- _Exercise goal_:
Could you print all the entries exactly?

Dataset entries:

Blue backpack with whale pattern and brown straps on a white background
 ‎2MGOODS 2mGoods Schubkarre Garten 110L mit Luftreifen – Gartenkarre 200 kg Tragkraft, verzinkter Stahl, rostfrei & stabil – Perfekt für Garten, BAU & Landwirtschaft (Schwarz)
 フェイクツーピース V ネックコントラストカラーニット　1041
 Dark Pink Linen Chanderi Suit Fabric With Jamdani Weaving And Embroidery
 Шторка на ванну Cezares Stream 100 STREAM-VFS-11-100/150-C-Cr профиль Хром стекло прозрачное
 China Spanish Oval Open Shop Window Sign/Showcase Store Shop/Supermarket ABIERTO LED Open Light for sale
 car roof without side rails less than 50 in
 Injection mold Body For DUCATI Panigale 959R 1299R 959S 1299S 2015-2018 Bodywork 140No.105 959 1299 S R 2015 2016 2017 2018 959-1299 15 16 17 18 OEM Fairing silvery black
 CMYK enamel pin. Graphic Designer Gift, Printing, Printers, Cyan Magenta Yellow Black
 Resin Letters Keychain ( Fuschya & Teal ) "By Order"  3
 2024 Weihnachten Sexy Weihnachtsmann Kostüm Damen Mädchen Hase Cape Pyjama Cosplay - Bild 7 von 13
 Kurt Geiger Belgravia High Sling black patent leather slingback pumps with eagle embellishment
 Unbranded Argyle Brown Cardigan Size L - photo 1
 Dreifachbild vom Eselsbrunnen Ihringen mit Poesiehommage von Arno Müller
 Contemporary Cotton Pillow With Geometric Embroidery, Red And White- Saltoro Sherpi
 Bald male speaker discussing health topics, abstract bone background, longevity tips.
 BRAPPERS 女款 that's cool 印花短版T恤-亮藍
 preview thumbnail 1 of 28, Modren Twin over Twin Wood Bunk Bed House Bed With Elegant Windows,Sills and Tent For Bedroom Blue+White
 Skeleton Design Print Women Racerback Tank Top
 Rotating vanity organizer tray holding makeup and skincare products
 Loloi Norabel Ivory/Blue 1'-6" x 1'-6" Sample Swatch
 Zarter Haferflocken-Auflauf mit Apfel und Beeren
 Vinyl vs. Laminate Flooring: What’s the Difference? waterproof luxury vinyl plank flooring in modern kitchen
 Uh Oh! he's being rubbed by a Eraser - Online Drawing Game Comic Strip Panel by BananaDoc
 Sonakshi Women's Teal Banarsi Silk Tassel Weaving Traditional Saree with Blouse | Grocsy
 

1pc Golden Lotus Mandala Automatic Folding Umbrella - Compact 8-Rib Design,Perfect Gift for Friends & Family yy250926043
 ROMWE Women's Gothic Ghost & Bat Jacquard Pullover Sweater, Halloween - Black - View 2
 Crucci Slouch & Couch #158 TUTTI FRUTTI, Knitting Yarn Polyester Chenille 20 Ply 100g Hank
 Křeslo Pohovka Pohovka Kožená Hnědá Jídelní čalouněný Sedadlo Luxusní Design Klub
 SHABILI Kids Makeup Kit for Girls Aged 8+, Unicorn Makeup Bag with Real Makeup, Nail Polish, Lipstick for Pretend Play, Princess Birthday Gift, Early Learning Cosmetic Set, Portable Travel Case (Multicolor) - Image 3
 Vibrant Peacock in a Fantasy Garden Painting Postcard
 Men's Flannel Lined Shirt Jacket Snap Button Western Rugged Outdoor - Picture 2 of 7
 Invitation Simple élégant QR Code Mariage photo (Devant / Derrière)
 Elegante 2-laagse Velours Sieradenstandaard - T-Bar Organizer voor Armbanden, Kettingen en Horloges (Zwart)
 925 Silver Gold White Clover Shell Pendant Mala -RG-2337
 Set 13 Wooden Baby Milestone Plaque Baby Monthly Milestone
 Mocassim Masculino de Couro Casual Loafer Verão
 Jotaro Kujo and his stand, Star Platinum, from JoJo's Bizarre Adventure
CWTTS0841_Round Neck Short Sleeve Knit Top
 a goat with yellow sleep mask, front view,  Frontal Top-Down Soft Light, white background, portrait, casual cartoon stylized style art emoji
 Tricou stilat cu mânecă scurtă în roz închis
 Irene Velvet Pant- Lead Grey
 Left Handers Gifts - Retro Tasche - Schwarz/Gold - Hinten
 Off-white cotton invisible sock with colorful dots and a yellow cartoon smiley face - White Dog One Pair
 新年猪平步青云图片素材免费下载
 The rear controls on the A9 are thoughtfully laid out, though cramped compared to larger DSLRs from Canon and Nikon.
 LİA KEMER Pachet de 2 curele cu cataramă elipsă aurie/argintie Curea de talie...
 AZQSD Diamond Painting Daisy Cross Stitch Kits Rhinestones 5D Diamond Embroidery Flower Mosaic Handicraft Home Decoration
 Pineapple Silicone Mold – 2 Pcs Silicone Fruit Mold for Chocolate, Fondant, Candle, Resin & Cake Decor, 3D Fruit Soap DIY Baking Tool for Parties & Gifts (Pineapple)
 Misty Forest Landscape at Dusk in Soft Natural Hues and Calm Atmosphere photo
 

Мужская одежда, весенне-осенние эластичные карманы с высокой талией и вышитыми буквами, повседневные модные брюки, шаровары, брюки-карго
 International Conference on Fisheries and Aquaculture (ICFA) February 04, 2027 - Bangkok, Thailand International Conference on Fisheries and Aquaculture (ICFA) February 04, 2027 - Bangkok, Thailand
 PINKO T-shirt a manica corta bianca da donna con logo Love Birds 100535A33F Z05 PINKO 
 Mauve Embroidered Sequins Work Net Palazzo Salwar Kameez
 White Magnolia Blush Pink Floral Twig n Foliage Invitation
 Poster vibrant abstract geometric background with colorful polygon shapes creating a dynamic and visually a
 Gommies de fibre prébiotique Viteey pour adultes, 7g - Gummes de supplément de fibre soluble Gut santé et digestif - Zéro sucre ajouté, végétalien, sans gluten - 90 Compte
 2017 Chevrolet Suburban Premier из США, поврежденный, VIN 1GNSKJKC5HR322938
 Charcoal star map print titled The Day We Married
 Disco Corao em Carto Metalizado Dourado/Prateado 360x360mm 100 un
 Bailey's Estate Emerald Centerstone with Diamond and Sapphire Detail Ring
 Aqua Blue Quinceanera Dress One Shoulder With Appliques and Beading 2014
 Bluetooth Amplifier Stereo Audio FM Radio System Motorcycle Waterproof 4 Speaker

- _Expected answer_:
Blue backpack with whale pattern and brown straps on a white background
 ‎2MGOODS 2mGoods Schubkarre Garten 110L mit Luftreifen – Gartenkarre 200 kg Tragkraft, verzinkter Stahl, rostfrei & stabil – Perfekt für Garten, BAU & Landwirtschaft (Schwarz)
 フェイクツーピース V ネックコントラストカラーニット　1041
 Dark Pink Linen Chanderi Suit Fabric With Jamdani Weaving And Embroidery
 Шторка на ванну Cezares Stream 100 STREAM-VFS-11-100/150-C-Cr профиль Хром стекло прозрачное
 China Spanish Oval Open Shop Window Sign/Showcase Store Shop/Supermarket ABIERTO LED Open Light for sale
 car roof without side rails less than 50 in
 Injection mold Body For DUCATI Panigale 959R 1299R 959S 1299S 2015-2018 Bodywork 140No.105 959 1299 S R 2015 2016 2017 2018 959-1299 15 16 17 18 OEM Fairing silvery black
 CMYK enamel pin. Graphic Designer Gift, Printing, Printers, Cyan Magenta Yellow Black
 Resin Letters Keychain ( Fuschya & Teal ) "By Order"  3
 2024 Weihnachten Sexy Weihnachtsmann Kostüm Damen Mädchen Hase Cape Pyjama Cosplay - Bild 7 von 13
 Kurt Geiger Belgravia High Sling black patent leather slingback pumps with eagle embellishment
 Unbranded Argyle Brown Cardigan Size L - photo 1
 Dreifachbild vom Eselsbrunnen Ihringen mit Poesiehommage von Arno Müller
 Contemporary Cotton Pillow With Geometric Embroidery, Red And White- Saltoro Sherpi
 Bald male speaker discussing health topics, abstract bone background, longevity tips.
 BRAPPERS 女款 that's cool 印花短版T恤-亮藍
 preview thumbnail 1 of 28, Modren Twin over Twin Wood Bunk Bed House Bed With Elegant Windows,Sills and Tent For Bedroom Blue+White
 Skeleton Design Print Women Racerback Tank Top
 Rotating vanity organizer tray holding makeup and skincare products
 Loloi Norabel Ivory/Blue 1'-6" x 1'-6" Sample Swatch
 Zarter Haferflocken-Auflauf mit Apfel und Beeren
 Vinyl vs. Laminate Flooring: What’s the Difference? waterproof luxury vinyl plank flooring in modern kitchen
 Uh Oh! he's being rubbed by a Eraser - Online Drawing Game Comic Strip Panel by BananaDoc
 Sonakshi Women's Teal Banarsi Silk Tassel Weaving Traditional Saree with Blouse | Grocsy
 

1pc Golden Lotus Mandala Automatic Folding Umbrella - Compact 8-Rib Design,Perfect Gift for Friends & Family yy250926043
 ROMWE Women's Gothic Ghost & Bat Jacquard Pullover Sweater, Halloween - Black - View 2
 Crucci Slouch & Couch #158 TUTTI FRUTTI, Knitting Yarn Polyester Chenille 20 Ply 100g Hank
 Křeslo Pohovka Pohovka Kožená Hnědá Jídelní čalouněný Sedadlo Luxusní Design Klub
 SHABILI Kids Makeup Kit for Girls Aged 8+, Unicorn Makeup Bag with Real Makeup, Nail Polish, Lipstick for Pretend Play, Princess Birthday Gift, Early Learning Cosmetic Set, Portable Travel Case (Multicolor) - Image 3
 Vibrant Peacock in a Fantasy Garden Painting Postcard
 Men's Flannel Lined Shirt Jacket Snap Button Western Rugged Outdoor - Picture 2 of 7
 Invitation Simple élégant QR Code Mariage photo (Devant / Derrière)
 Elegante 2-laagse Velours Sieradenstandaard - T-Bar Organizer voor Armbanden, Kettingen en Horloges (Zwart)
 925 Silver Gold White Clover Shell Pendant Mala -RG-2337
 Set 13 Wooden Baby Milestone Plaque Baby Monthly Milestone
 Mocassim Masculino de Couro Casual Loafer Verão
 Jotaro Kujo and his stand, Star Platinum, from JoJo's Bizarre Adventure
CWTTS0841_Round Neck Short Sleeve Knit Top
 a goat with yellow sleep mask, front view,  Frontal Top-Down Soft Light, white background, portrait, casual cartoon stylized style art emoji
 Tricou stilat cu mânecă scurtă în roz închis
 Irene Velvet Pant- Lead Grey
 Left Handers Gifts - Retro Tasche - Schwarz/Gold - Hinten
 Off-white cotton invisible sock with colorful dots and a yellow cartoon smiley face - White Dog One Pair
 新年猪平步青云图片素材免费下载
 The rear controls on the A9 are thoughtfully laid out, though cramped compared to larger DSLRs from Canon and Nikon.
 LİA KEMER Pachet de 2 curele cu cataramă elipsă aurie/argintie Curea de talie...
 AZQSD Diamond Painting Daisy Cross Stitch Kits Rhinestones 5D Diamond Embroidery Flower Mosaic Handicraft Home Decoration
 Pineapple Silicone Mold – 2 Pcs Silicone Fruit Mold for Chocolate, Fondant, Candle, Resin & Cake Decor, 3D Fruit Soap DIY Baking Tool for Parties & Gifts (Pineapple)
 Misty Forest Landscape at Dusk in Soft Natural Hues and Calm Atmosphere photo
 

Мужская одежда, весенне-осенние эластичные карманы с высокой талией и вышитыми буквами, повседневные модные брюки, шаровары, брюки-карго
 International Conference on Fisheries and Aquaculture (ICFA) February 04, 2027 - Bangkok, Thailand International Conference on Fisheries and Aquaculture (ICFA) February 04, 2027 - Bangkok, Thailand
 PINKO T-shirt a manica corta bianca da donna con logo Love Birds 100535A33F Z05 PINKO 
 Mauve Embroidered Sequins Work Net Palazzo Salwar Kameez
 White Magnolia Blush Pink Floral Twig n Foliage Invitation
 Poster vibrant abstract geometric background with colorful polygon shapes creating a dynamic and visually a
 Gommies de fibre prébiotique Viteey pour adultes, 7g - Gummes de supplément de fibre soluble Gut santé et digestif - Zéro sucre ajouté, végétalien, sans gluten - 90 Compte
 2017 Chevrolet Suburban Premier из США, поврежденный, VIN 1GNSKJKC5HR322938
 Charcoal star map print titled The Day We Married
 Disco Corao em Carto Metalizado Dourado/Prateado 360x360mm 100 un
 Bailey's Estate Emerald Centerstone with Diamond and Sapphire Detail Ring
 Aqua Blue Quinceanera Dress One Shoulder With Appliques and Beading 2014
 Bluetooth Amplifier Stereo Audio FM Radio System Motorcycle Waterproof 4 Speaker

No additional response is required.